After spending a weekend with her in Connecticut, the young soldier spent the entire train ride back to Philadelphia, where he was stationed, thinking about "how we met, the good times, that day in May." He goes on. "When I arrived at camp, I went straight to the day room. There was a piano there and I started playing the chord in my head and the words in my heart. Before I realized it, it was time to go to guard duty. It was a cold, black night, and the stars were twinkling. The setting was very apropos for my feelings and emotions."
Alas, that Connecticut weekend would be the couple's last together. That winter, Marla yielded to her mother's pleas to join her in California. The couple saw each other only one more time.
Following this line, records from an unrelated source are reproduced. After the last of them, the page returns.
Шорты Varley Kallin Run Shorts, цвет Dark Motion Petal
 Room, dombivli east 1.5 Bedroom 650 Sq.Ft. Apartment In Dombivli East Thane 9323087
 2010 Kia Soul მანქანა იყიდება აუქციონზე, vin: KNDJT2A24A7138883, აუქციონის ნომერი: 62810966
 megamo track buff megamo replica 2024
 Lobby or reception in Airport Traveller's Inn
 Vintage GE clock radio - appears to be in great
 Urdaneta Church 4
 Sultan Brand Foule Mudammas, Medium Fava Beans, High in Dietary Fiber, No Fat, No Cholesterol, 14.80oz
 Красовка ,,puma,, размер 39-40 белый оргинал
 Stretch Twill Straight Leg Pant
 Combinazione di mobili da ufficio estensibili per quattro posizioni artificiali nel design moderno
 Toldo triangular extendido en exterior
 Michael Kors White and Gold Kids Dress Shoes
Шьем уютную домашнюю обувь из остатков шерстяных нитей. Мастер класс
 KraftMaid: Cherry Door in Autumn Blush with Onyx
Over the years, Parris would marry twice, rebound from flirtations with drugs and alcohol, survive a decade-long legal challenge by an ex-Satin to the rights to the name of his group and see "In the Still of the Night" recorded by artists ranging from Ronny Milsap, BoyzIIMen and the Beach Boys. There have been many "Five Satins" groups. Their last hit, "Memories of Days Gone By," was recorded in 1982. The group, with Parris singing lead tenor, still performs at golden oldie convocations.
"The song was like a love letter set to music," Parris says today. "It squeezed every bit of romance out of me."
"It's an accident that happened perfectly," Walt DeVenne, a Boston-area disc jockey for almost four decades, says of the song’s enduring quality. "It was our music—the kids' music. Blacks, whites. The music was good. You didn't care if it was white or black. It didn't matter."
Film and TV composer Ron Jones agrees. "There's a tangible chemistry that the song evokes," he says. "The black farmer in Mississippi can listen to it differently than a steelworker in Canada, but they both relate to the romance of the time and the mind." It makes you feel, he adds, "like being on Sputnik looking down rather than being in a car looking up. It's this broad landscape, with lyrics so broad you could be in Russia. It's operatic, with a high tenor above the accompaniment like 'Ave Maria,' and its chord progressions are hymn-like, like knights in shining armor. That's why it has the power. It is universal."